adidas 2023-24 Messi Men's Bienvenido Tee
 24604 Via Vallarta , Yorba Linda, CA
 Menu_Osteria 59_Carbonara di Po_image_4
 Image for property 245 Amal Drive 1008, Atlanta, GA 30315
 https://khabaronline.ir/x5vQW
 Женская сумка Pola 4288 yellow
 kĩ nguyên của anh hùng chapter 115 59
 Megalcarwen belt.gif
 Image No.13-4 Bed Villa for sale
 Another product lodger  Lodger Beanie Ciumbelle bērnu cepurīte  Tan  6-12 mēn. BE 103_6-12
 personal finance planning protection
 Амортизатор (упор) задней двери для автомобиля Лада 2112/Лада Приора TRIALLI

--

Transcribe each entry above exactly as it reads.

adidas 2023-24 Messi Men's Bienvenido Tee
 24604 Via Vallarta , Yorba Linda, CA
 Menu_Osteria 59_Carbonara di Po_image_4
 Image for property 245 Amal Drive 1008, Atlanta, GA 30315
 https://khabaronline.ir/x5vQW
 Женская сумка Pola 4288 yellow
 kĩ nguyên của anh hùng chapter 115 59
 Megalcarwen belt.gif
 Image No.13-4 Bed Villa for sale
 Another product lodger  Lodger Beanie Ciumbelle bērnu cepurīte  Tan  6-12 mēn. BE 103_6-12
 personal finance planning protection
 Амортизатор (упор) задней двери для автомобиля Лада 2112/Лада Приора TRIALLI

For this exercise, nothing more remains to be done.